If you're facing unprecedented meal kit orders, but your facility's output can't keep up, then it's time to identify and fix your problem areas. Here are some methods you can employ to get meal kits into customers' hands quickly and smoothly.

1. Review Your Data

You can’t fix what you don’t know is broken, so analyze your efficiency to determine what’s causing your production line to fall behind. You can start by looking at the six big losses benchmarks:

  • Unplanned Stops: Equipment failure, breakage, anything unforeseen that grinds your production line to a halt and must be fixed or repaired
  • Planned Stops: Cleaning, setup, adjustment, or maintenance to machines that require the production process to stop and accommodate
  • Small Stops: Usually misfeeds, jams, or misalignments that must be consistently corrected, forcing machines to sit idle
  • Slow Cycles: Speeds are slower than the manufacturer intended, usually because one or more of the machines is faulty or in need of repair, causing a bottleneck in the entire line
  • Production Rejects: Parts or products that are defective and can’t be sold to the public
  • Startup Rejects: Can be defective equipment parts or production material  

Using the proper efficiency time of each process divided by actual process times will give you your true efficiency.
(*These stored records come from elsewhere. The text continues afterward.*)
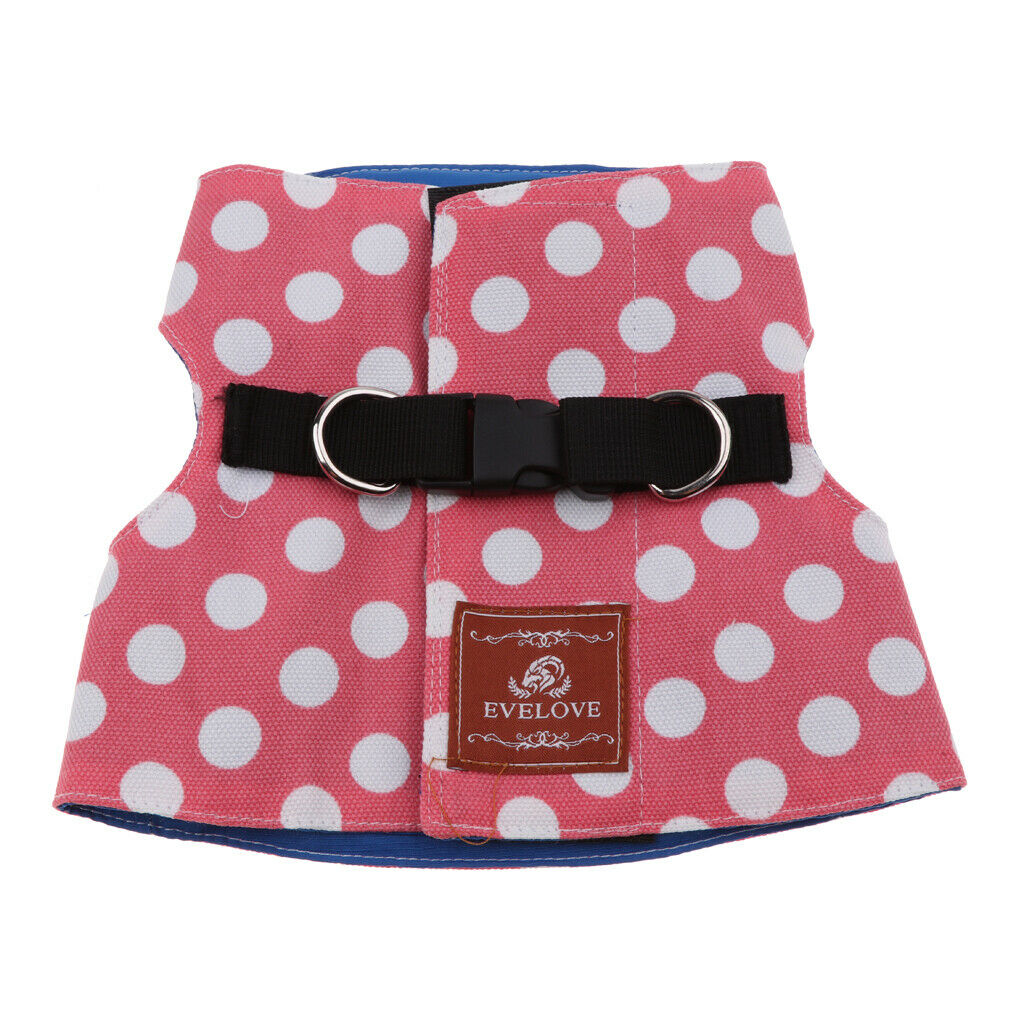 Dog Cat Leash Pet Control Harness Vest Walk Collar Safety Strap Vest Dot Pink M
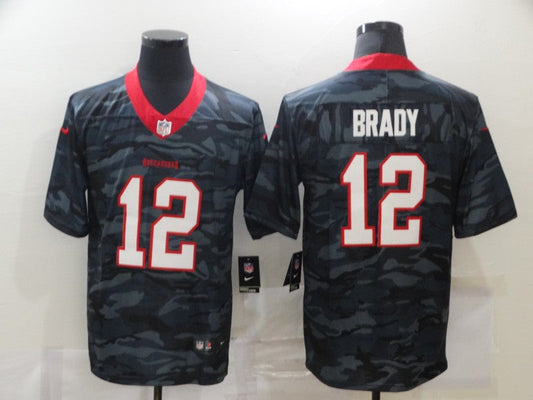 Men's Tampa Bay Buccaneers Tom Brady #12 Gray Camouflage Game Jerseys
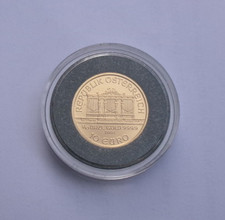 Goldmünze 10€ Wiener Philharmoniker 2003Gold Östereich 1/10 Oz 999,9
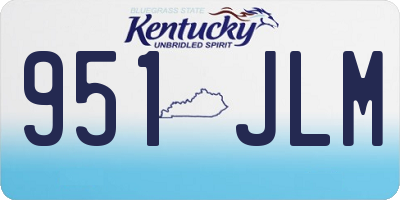 KY license plate 951JLM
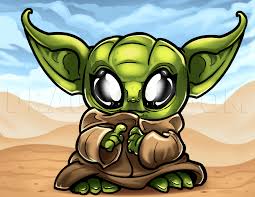Star wars jedi baby version.💕starwars playlist: Draw Baby Yoda Step By Step Drawing Guide By Dawn Dragoart Com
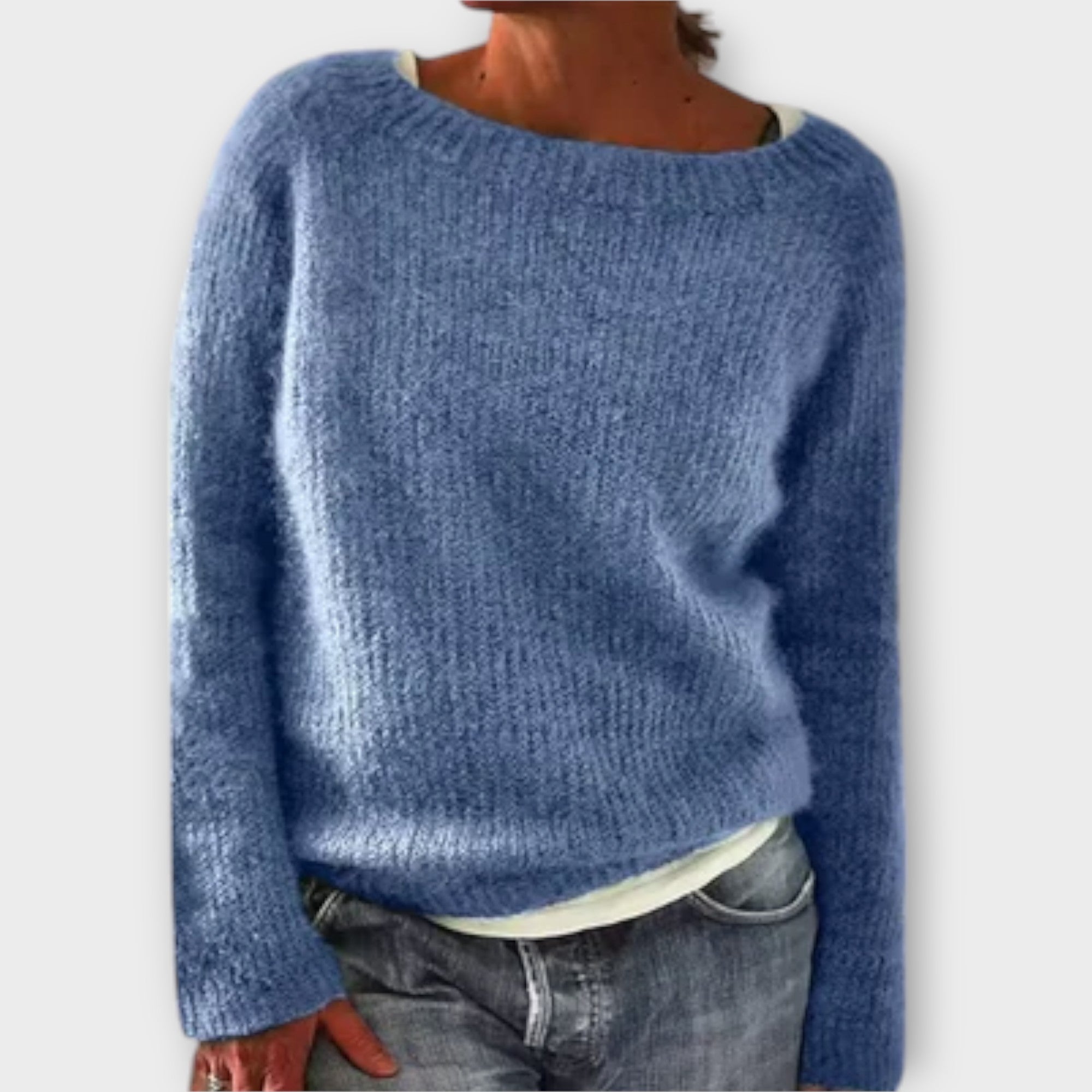 Elry™ - Soft solid color knit pullover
For example, if you have three pieces of equipment in a row that should each complete a job in 30 seconds, then 1 minute 30 seconds would be the overall completion time that should be achieved, giving 100% efficiency. If the true times for the machines are 30 seconds, 1 minute, and 45 seconds, the overall time would be 2 minutes 15 seconds for efficiency between 69% and 70%. 

Overall completion time at efficiency

2. Evaluate Your Processes

Perhaps some inefficiencies have crept in or are institutional, making them hard to see from an insider’s perspective. Here are some things to consider as you scrutinize your operation. You can even have experts in production line analysis come to your facility to identify problem areas for you. 

  • Ask Your Staff: Your employees have their hands on the machines every day. See what they have to say about the operation of your equipment and whether there’s any downtime or reduced speed anywhere. 

  • Optimize Flow: Sometimes when a new machine is brought in, it can be placed in the wrong section of the production line. A facility might even continue using an employee to manually load a machine when it could be fed automatically. Your machines might also be feeding each other incorrectly due to misalignment or poor setup.

  • Reduce Redundant Redundancy: You might have two machines doing a similar job when one machine would do the process twice as quickly. For example, you might need to label the bottom and top of your meal kit box, but rather than run the box through a top labeler and then a separate machine for the bottom labeler. You could use a single machine to apply both labels at once.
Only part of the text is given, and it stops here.